Components and Production Quality
The tiles are thick, chunky cardboard with lovely illustrated artwork. Each terrain type is visually distinct and the colour palette is cheerful without being garish. The wooden king meeples are simple but satisfying.
The box is compact enough to throw in a bag and the insert holds everything tidily. Well produced at a price point that does not ask much of you.
| Quick verdictSolid, attractive components. Nothing fancy, but everything works and the game looks good on the table. |
Expansions and Other Versions
- Queendomino (2017): A standalone game building on Kingdomino with knights, buildings, and a tax track. More complex, best for groups who have played Kingdomino a lot.
- Kingdomino: Age of Giants (2018): Adds giant tiles that can block areas of your kingdom. Good disruption layer.
- Kingdomino: Origins (2021): Standalone prehistory version with resource collection and a solo mode.
- Kingdomino Duel (2019): Two-player standalone roll-and-write version. Fast, different feel.
Digital Versions
Kingdomino is on Board Game Arena and plays well there. There is also an official iOS and Android app with AI opponents and online multiplayer. Both are solid options.
If You Like Kingdomino, Try These
- Azul: More strategic tile placement with gorgeous components. A natural next step.
- Carcassonne: Tile placement with meeple placement and area control added. A classic.

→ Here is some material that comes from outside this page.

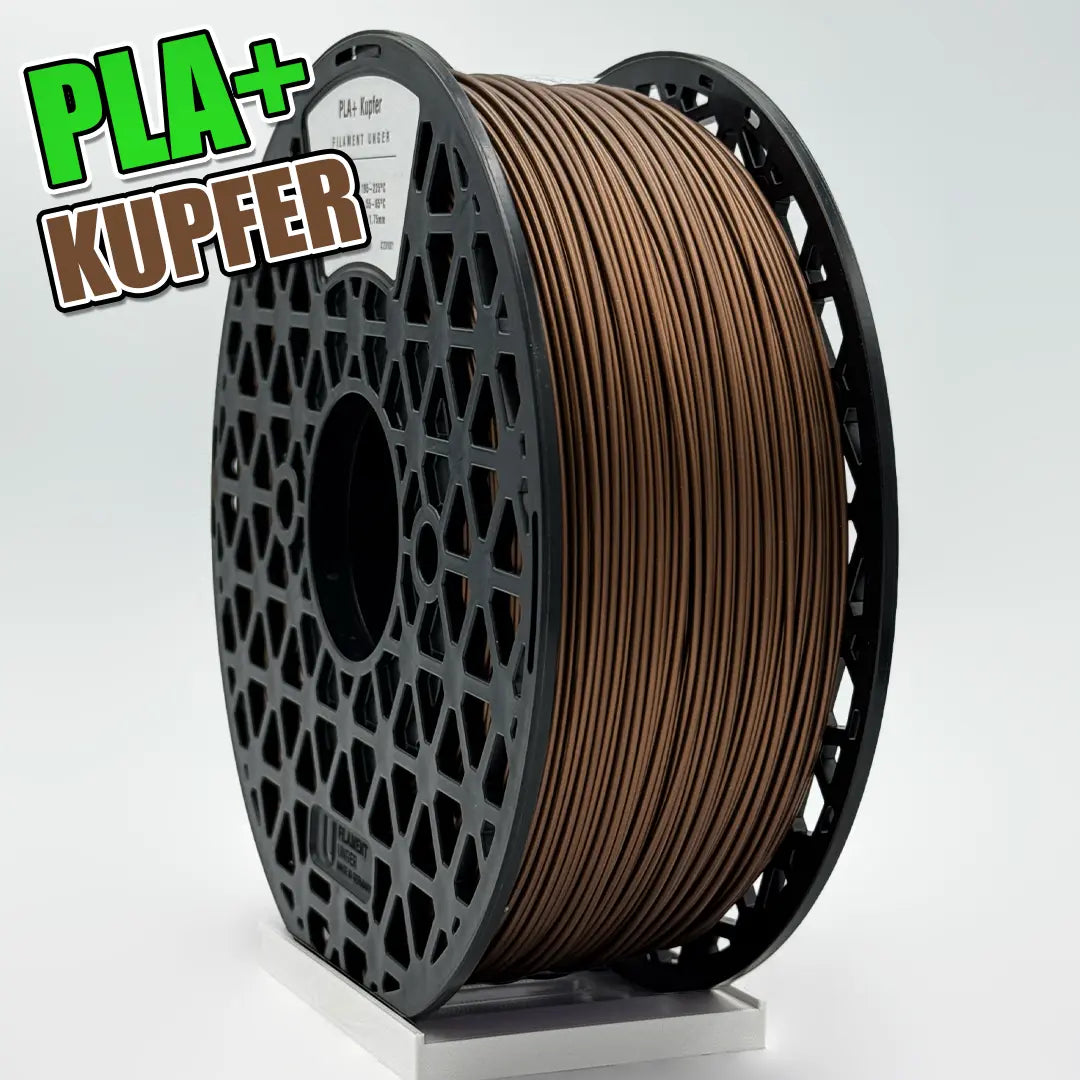 PLA / PLA+ Kupfer - Filament Unger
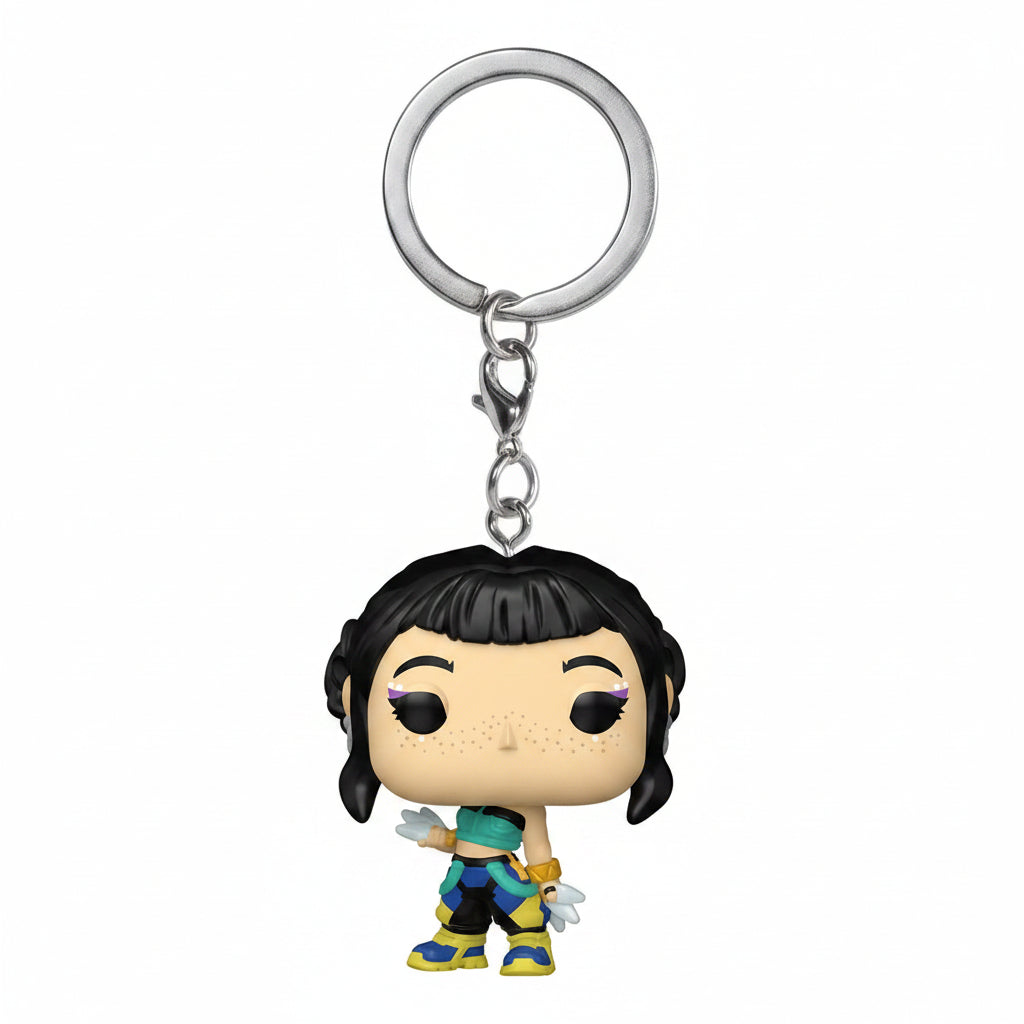 Funko Keychain - Zoey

- Cascadia: Nature-themed tile and token placement. Won Spiel des Jahres 2022. Similar accessibility, slightly more depth.
- Queendomino: The direct sequel. More decision-making and a longer game.
- Patchwork: Two-player only, but shares the satisfying spatial puzzle feel.
Final Thoughts
Kingdomino is one of the best fifteen-minute games ever made. Quick enough to fit in before a main game, easy enough to teach anyone, and just deep enough that you will argue about optimal moves on the drive home.
Its main weaknesses are light depth for experienced gamers and no solo mode out of the box. But for what it is, it is practically perfect.
Kingdomino won the Spiel des Jahres and it deserved it. Buy it.